Mitos 5: Pelanggan tidak peduli soal sustainability, mereka hanya mencari harga termurah
Sepertinya sulit untuk membayangkan, khususnya saat kondisi perekonomian sulit, tapi konsumen mulai berubah. Mereka merasa lebih bertanggung jawab atas peranan mereka dalam meningkatkan kondisi lingkungan hidup dan sosial masyakarat di seluruh dunia. Perusahaan-perusahaan yang mengekspor barang-barangnya ke Eropa, Jepang dan Amerika Utara khususnya harus memperhitungkan aspek perilaku konsumen semacam ini.
Sebuah studi yang dilakukan oleh National Geographic dan perusahaan polling internasional GlobeScan baru-baru ini mengenai pola konsumsi berkelanjutan di 14 negara (www.nationalgeographic.com/greendex) mengungkapkan bahwa sebagian besar negara lebih memilih konsumsi yang berkelanjutan dibandingkan dengan harga termurah. Yang mungkin lebih mengejutkan adalah konsumen di negara-negara berkembang cenderung untuk lebih menghargai sustainability ketimbang konsumen di negara-negara maju. Sebuah penelitian yang dilakukan di tahun 2006 oleh Divisi Penelitian Manajemen Lembaga Manajemen PPM di Indonesia menemukan bahwa walau konsumen menganggap kualitas/merk suatu produk sebagai faktor yang paling penting, konsumen mengganggap tanggung jawab sosial perusahaan sebagai faktor terpenting kedua.

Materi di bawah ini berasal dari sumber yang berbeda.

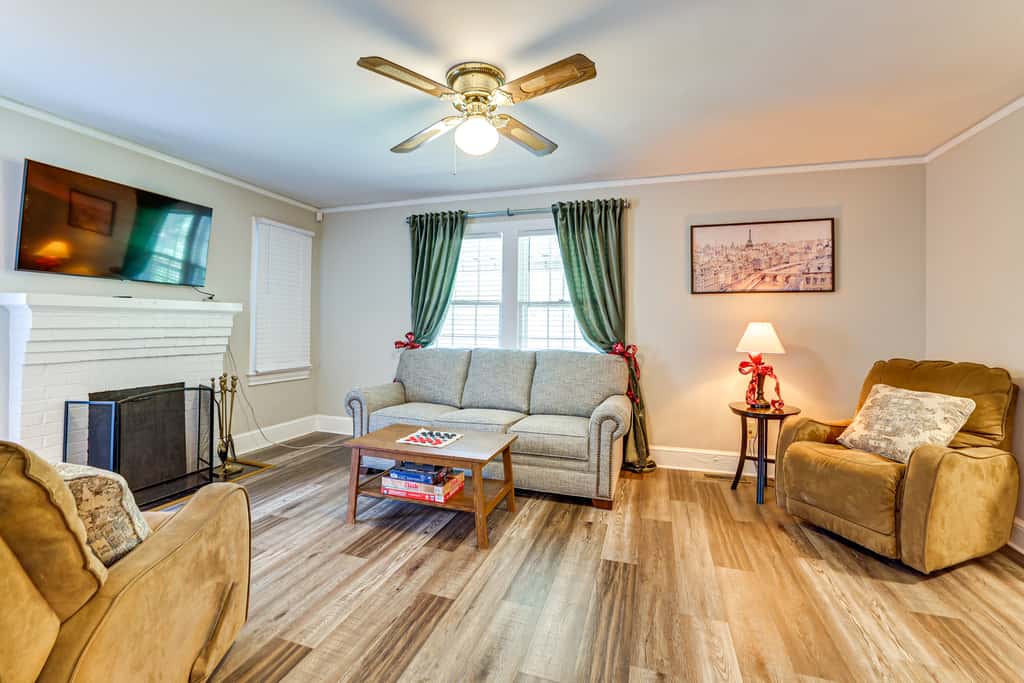 < 1 Mi to Paris Mtn State Park: Retreat w/ Deck!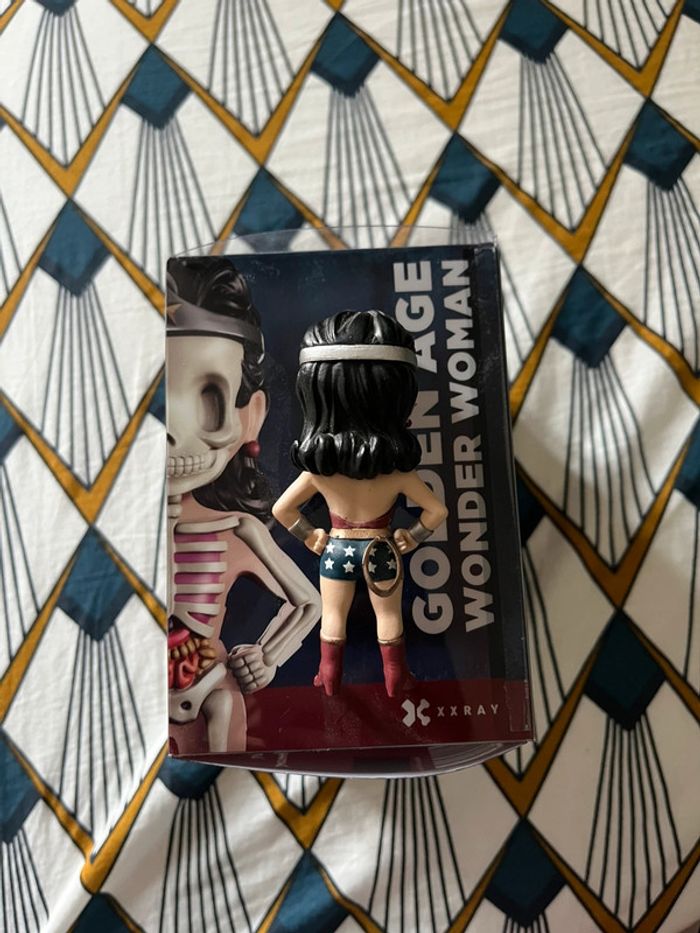 DC comics Golden age wonder woman figurine - photo numéro 2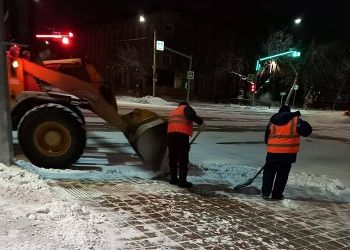 В Благовещенске чистят дороги от выпавшего снега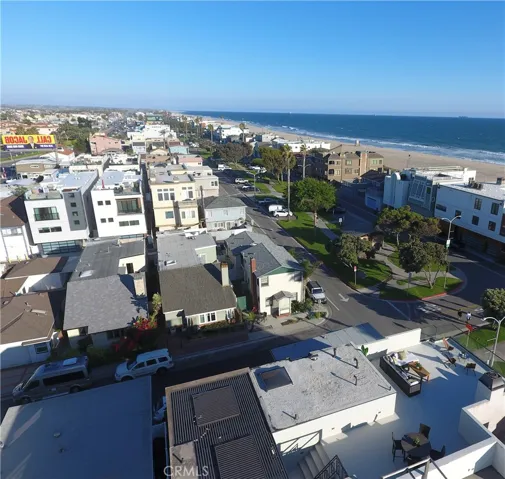 16386 N Pacific Avenue, Sunset Beach, California 90742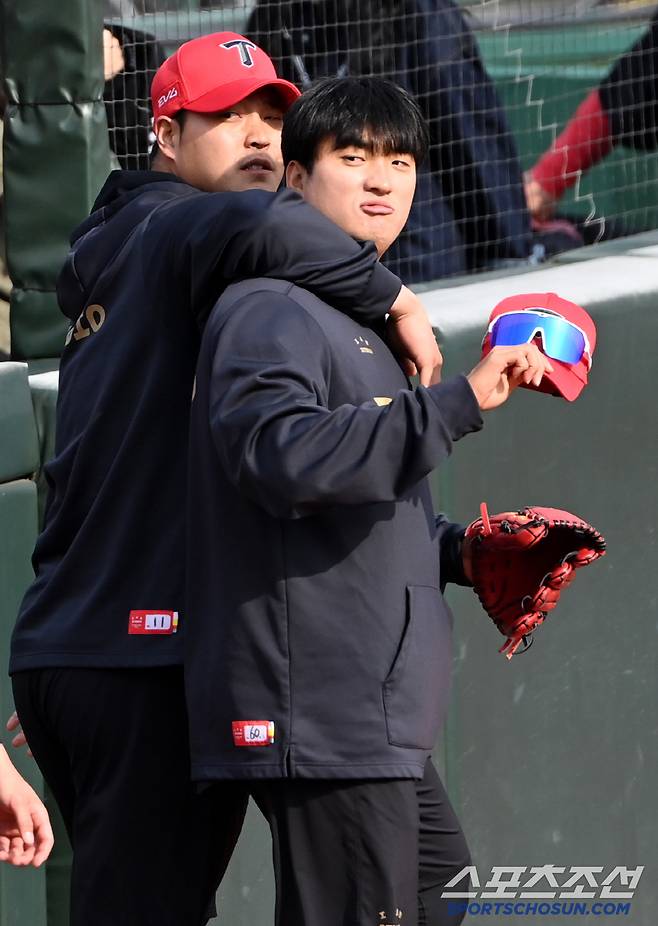 9일 부산 사직야구장에서 열린 KIA와 롯데의 경기, KIA 조상우와 김도현이 그라운드로 나서고 있다. 부산=허상욱 기자wook@sportschosun.com/2025.04.09/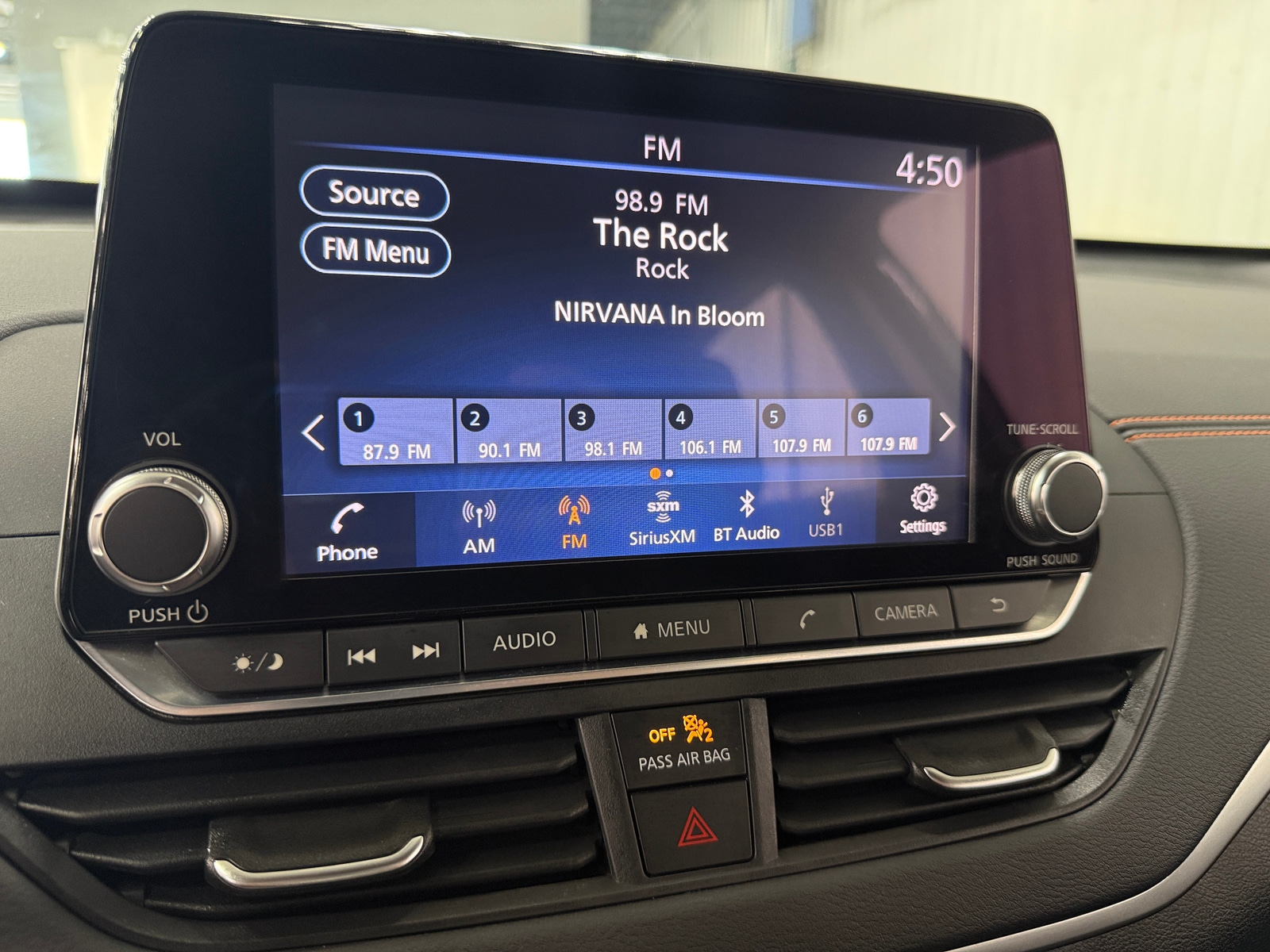 Thumbnail: 2019 Nissan Altima - 4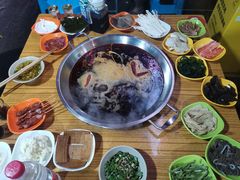 -毛毛老火锅(八年观音桥店)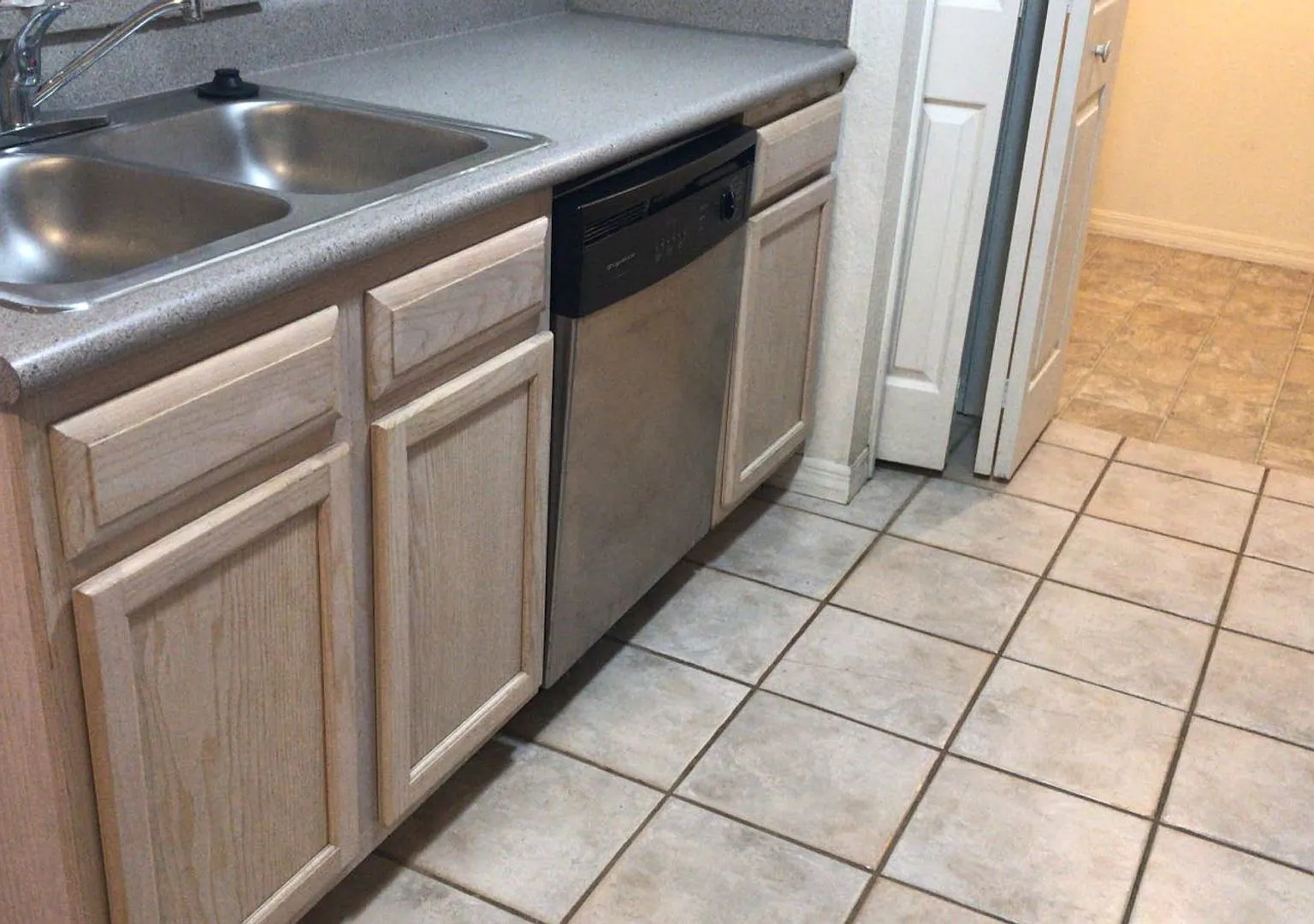 1 bedroom 1 bath for rent lease 8849 Latrec Ave., unit 108, Orlando, FL 32819 — Photo 4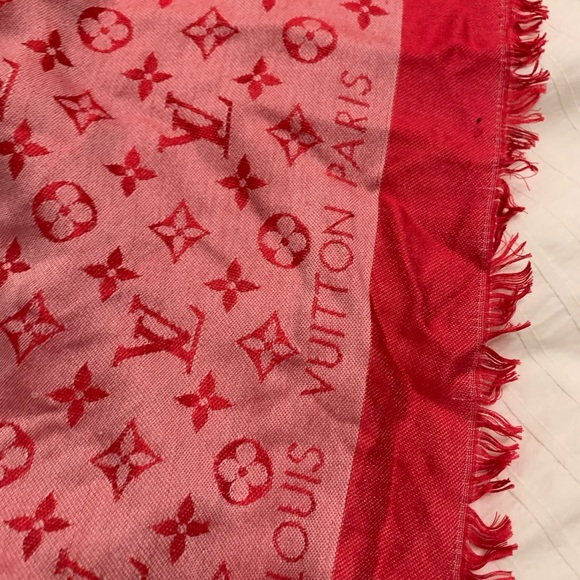 Louis Vuitton Scarf - Picture 3 of 6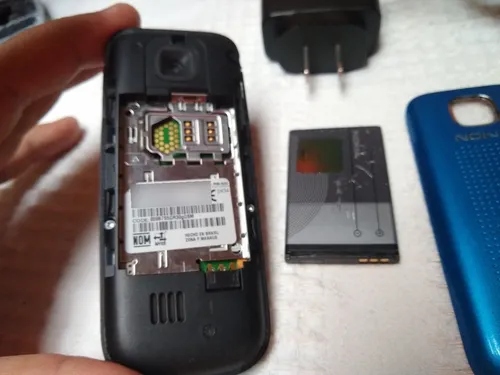 Nokia 2690 Bluetooth, 0.3 Mp - Solo Funciona En Vivo - (Usado)
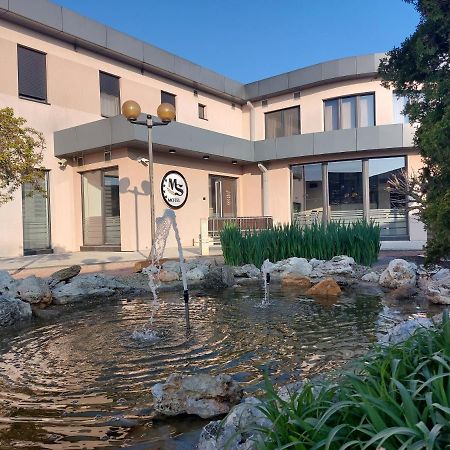 Motel Ms Srpski Itebej Buitenkant foto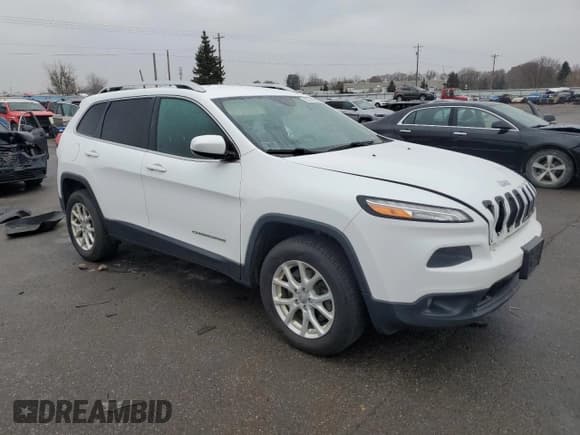 ✅ 2016 Jeep Cherokee Latitude • VIN: 1C4PJMCS4GW148837 • Лот: 93331425. Опубликован ранее на Copart с пробегом 149 958 миль. Бесплатный доступ к архиву аукционных продаж из США и подробный отчёт об истории автомобиля на DreamBid. Изображение 4.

Selain itu, kita melihat semakin banyak perusahaan-perusahaan yang memimpin inisiatif di bidang pembangunan berkelanjutan. Dewasa ini semakin banyak pembeli, khususnya dari pasar-pasar utama seperti di Uni Eropa dan Amerika Serikat, yang menuntut adanya verifikasi hutan berkelanjutan atau pembalakan legal oleh pihak ketiga. Dutch Home Cooperatives (yang memiliki sejumlah besar rumah di Belanda) misalnya menandatangani komitmen untuk membangun 100,000 rumah dengan hanya menggunakan kayu yang disertifikasi oleh FSC.
Perusahaan seharusnya tidak melihat sustainability sebagai suatu ancaman ataupun beban. Sustainability merupakan sebuah perkembangan yang terus berlanjut yang menawarkan ide-ide dan peluang baru kepada perusahaan untuk merangsang inovasi, meningkatkan hubungan dengan masyarakat setempat, meningkatkan efisiensi dan produktivitas serta membedakan perusahaan tersebut dengan para pesaingnya di pasar yang sangat ketat persaingan. Jika ditangani dengan benar, sustainability dapat menjadi sebuah berkah yang tersamarkan.